__Problem to solve__: Your copy should hold only the lines from the one holding "reFX Nexus 5" through the last line of the records below, both included, each exact and with no pictures.
### Data to examine
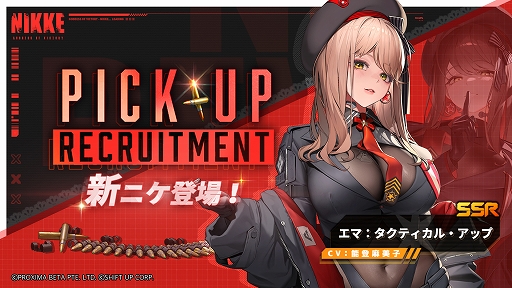 画像ギャラリー No.003のサムネイル画像 / 「勝利の女神:NIKKE」,タクティカル・アップ計画でより強くなったアブソルート部隊のエマ,ウンファ,ベスティーが8月7日に登場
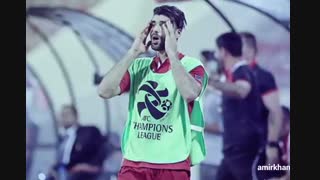 پرسپولیس الاهلی به روایت دیگر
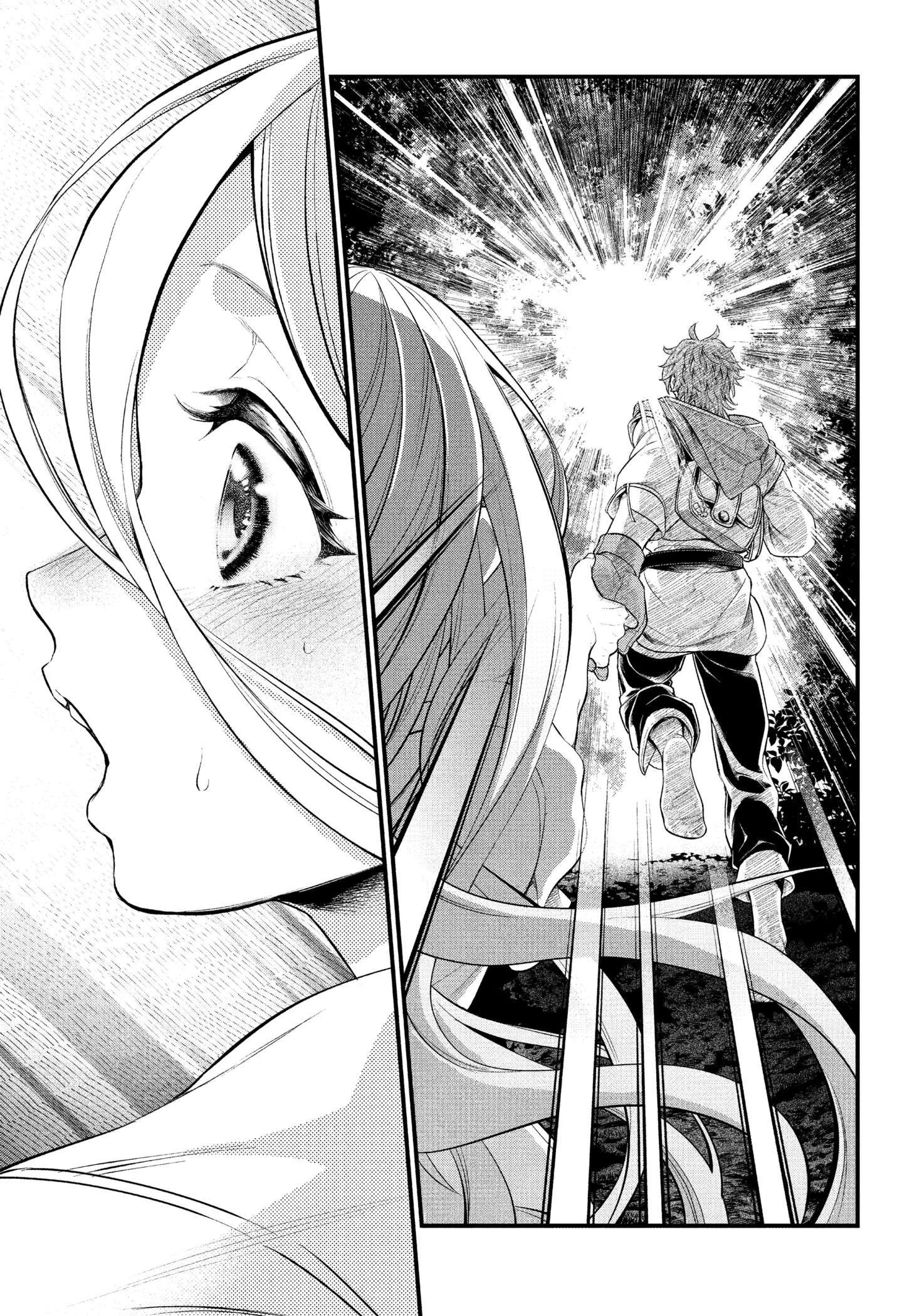 Marchen Crown Chap 1 - Next Chap 2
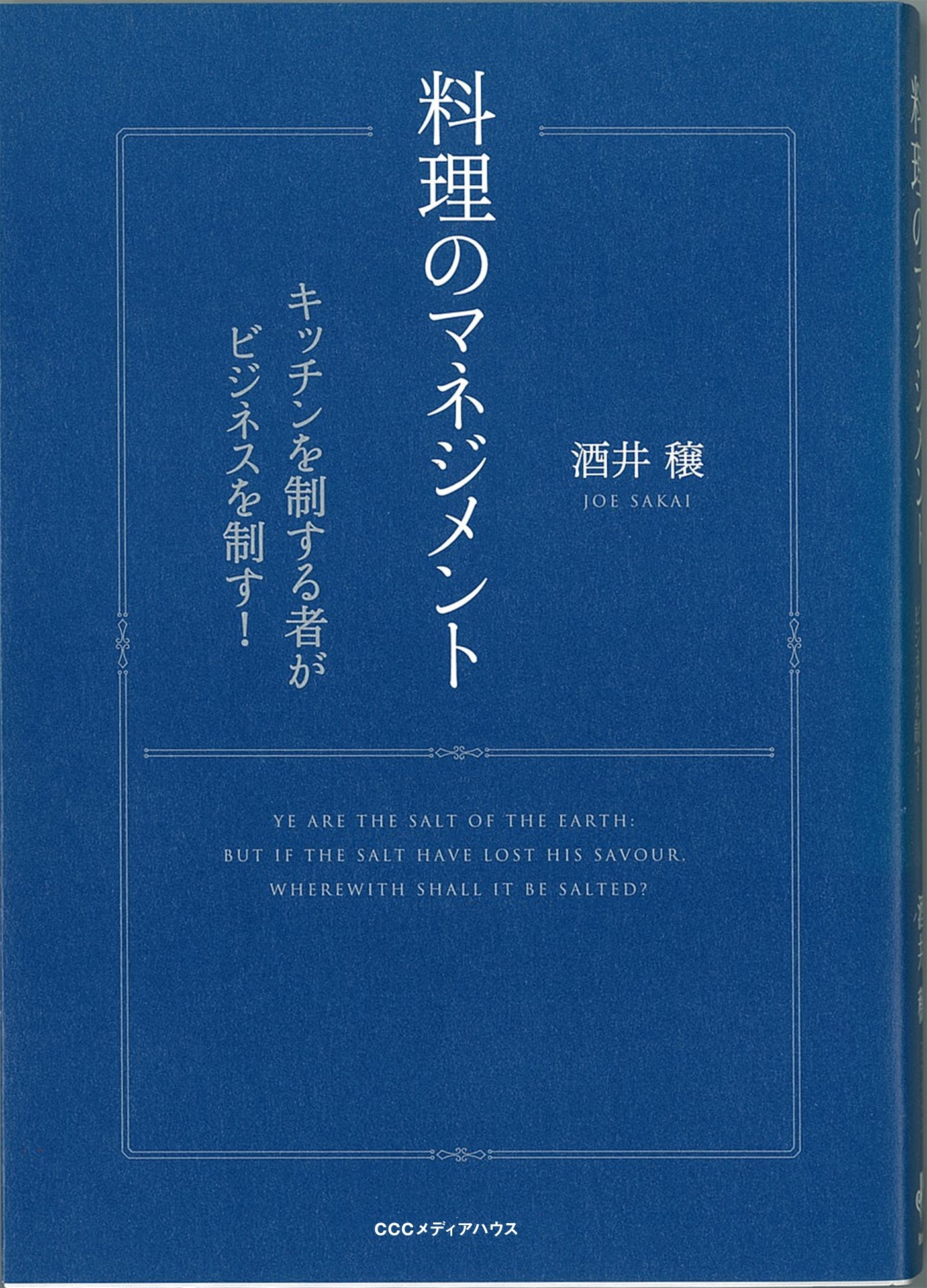 料理のマネジメント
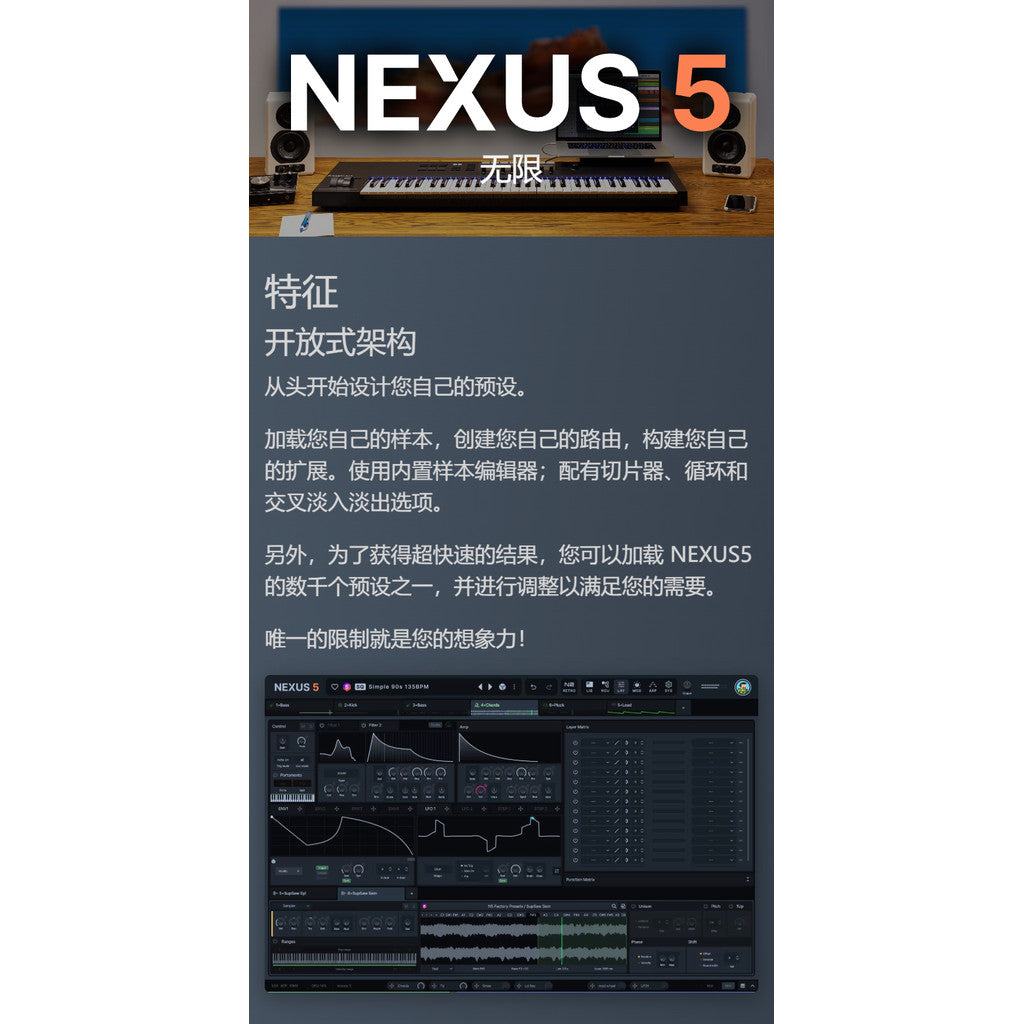 🎛️ PLUGIN 119  🎹 reFX Nexus 5 + Official Expansions 🔊 Hip-Hop · EDM · Production  WinMac  MICHIGO STUDIO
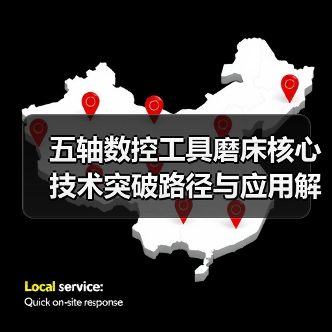 五轴数控工具磨床核心技术突破路径与应用解析(图4) 五轴数控工具磨床核心技术突破路径与应用解析(图4)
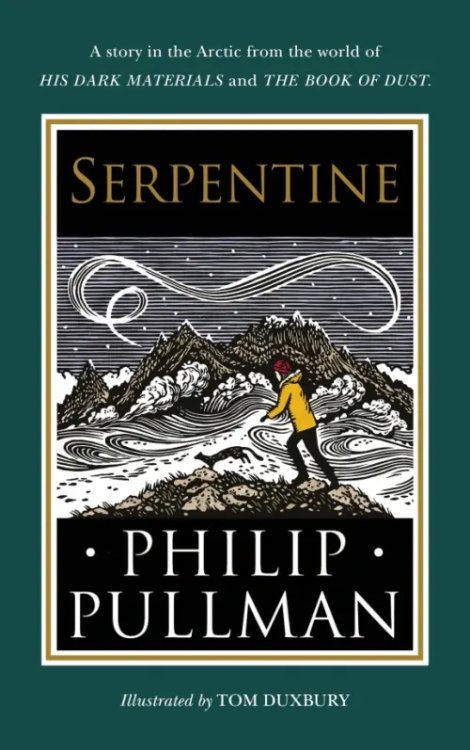 Serpentine Serpentine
######
__Your solution__:
 🎛️ PLUGIN 119  🎹 reFX Nexus 5 + Official Expansions 🔊 Hip-Hop · EDM · Production  WinMac  MICHIGO STUDIO
 五轴数控工具磨床核心技术突破路径与应用解析(图4) 五轴数控工具磨床核心技术突破路径与应用解析(图4)
 Serpentine Serpentine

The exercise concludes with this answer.